The Senate runoff drew national attention, with President-elect Trump and Vice President-elect Mike Pence each traveling to Louisiana to rally for Kennedy. The national GOP provided resources and staff to assist Kennedy's campaign, while national Democratic organizations largely abandoned Campbell, assuming an easy Republican win.

Though Campbell's chance appeared slim, donations had poured in from around the country, and several Hollywood celebrities championed his candidacy aiming to bolster resistance to the Trump presidency. Campbell said the support he received across the country was "phenomenal."

"We worked as hard as possible. We left no stone unturned," Campbell said in his concession speech. "I make no excuses.
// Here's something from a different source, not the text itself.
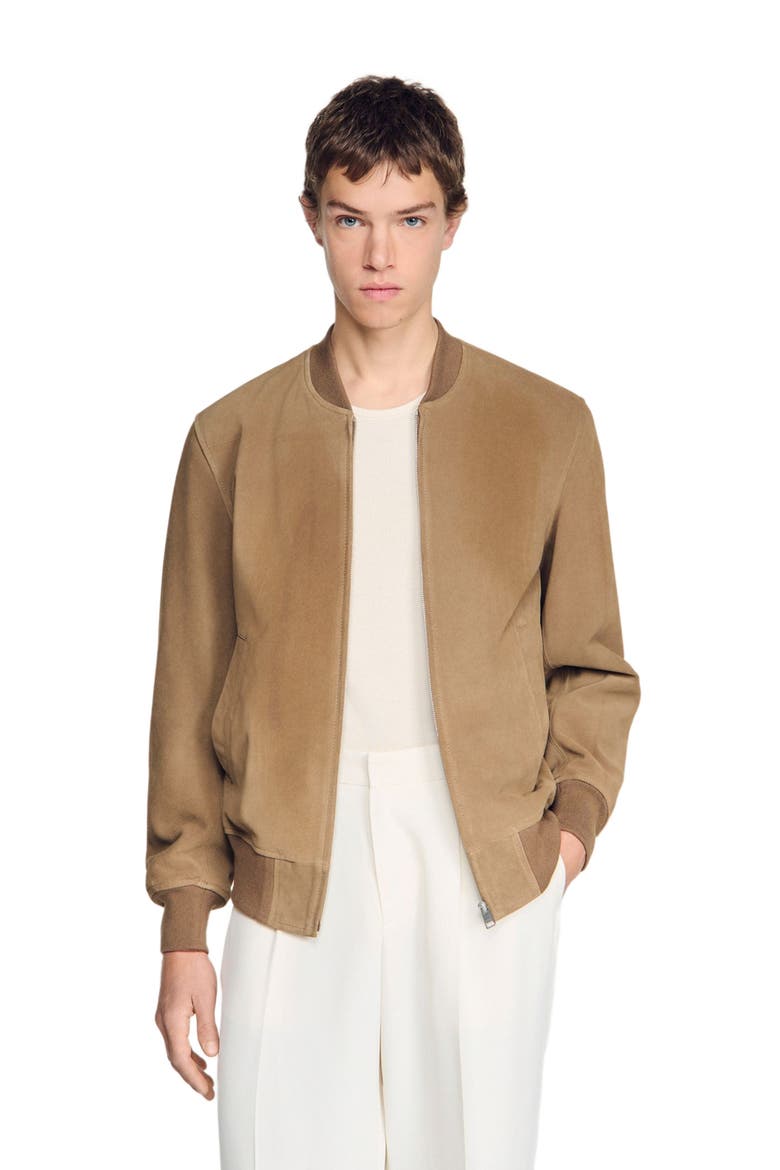 Zip-up split leather jacket, Alternate, color, Cappucino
We did everything humanly possible."

The co-chair of the Republican National Committee, Sharon Day, described Kennedy's win as capping "a year of historic Republican wins up and down the ballot.

"With 52 seats in the U.S. Senate, we are excited for Republicans to confirm a conservative Supreme Court justice and begin working with President-elect Trump to pass an agenda of change for the American people," Day said in a statement.

Louisiana Gov. John Bel Edwards, a Democrat and ardent Campbell supporter, congratulated Kennedy and pledged to work with him to "deliver great things for the people of Louisiana."

Kennedy is a Trump man through and through and will be a reliable vote to enact the new president's agenda. That the Democrats refused to give Campbell even a minimum of support shows just how far the Dems have fallen in the old south. Ordinarily, Campbell's moderate Democratic positions on issues would have made the race more competitive. But the image of the Democratic party in Louisiana and elsewhere in the south is that of Hillary Clinton and Harry Reid - two of the most toxic politicians in America.

Might the GOP build it's 52-48 advantage by luring Joe Manchin to switch parties? Manchin was under consideration (and still may be) for a Trump cabinet post. The West Virginia Senator is at war with his own party over their job killing policies on coal and is also more conservative on some social issues. Manchin's switch wouldn't come cheap; he might want the chairmanship of a major committee. Majority Leader McConnell would have to weigh how badly the GOP wants that 53rd vote before agreeing to pass over ranking Republicans to give a former Democrat a job.